[Records from a data collection]
══════

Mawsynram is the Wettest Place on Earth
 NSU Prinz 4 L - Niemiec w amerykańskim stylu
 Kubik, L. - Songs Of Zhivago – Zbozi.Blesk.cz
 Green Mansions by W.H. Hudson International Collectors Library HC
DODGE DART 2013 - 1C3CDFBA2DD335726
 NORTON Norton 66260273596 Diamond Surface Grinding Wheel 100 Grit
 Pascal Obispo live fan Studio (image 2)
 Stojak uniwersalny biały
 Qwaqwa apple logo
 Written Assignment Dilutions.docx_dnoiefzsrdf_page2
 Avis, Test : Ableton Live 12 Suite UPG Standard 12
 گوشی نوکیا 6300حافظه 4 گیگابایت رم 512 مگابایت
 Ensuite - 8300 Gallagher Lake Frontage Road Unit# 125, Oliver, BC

══════

Assignment
Word for word, repeat the data from its first line through the line with "Avis, Test : Ableton", including both of those lines and no others.

Answer to this problem
Mawsynram is the Wettest Place on Earth
 NSU Prinz 4 L - Niemiec w amerykańskim stylu
 Kubik, L. - Songs Of Zhivago – Zbozi.Blesk.cz
 Green Mansions by W.H. Hudson International Collectors Library HC
DODGE DART 2013 - 1C3CDFBA2DD335726
 NORTON Norton 66260273596 Diamond Surface Grinding Wheel 100 Grit
 Pascal Obispo live fan Studio (image 2)
 Stojak uniwersalny biały
 Qwaqwa apple logo
 Written Assignment Dilutions.docx_dnoiefzsrdf_page2
 Avis, Test : Ableton Live 12 Suite UPG Standard 12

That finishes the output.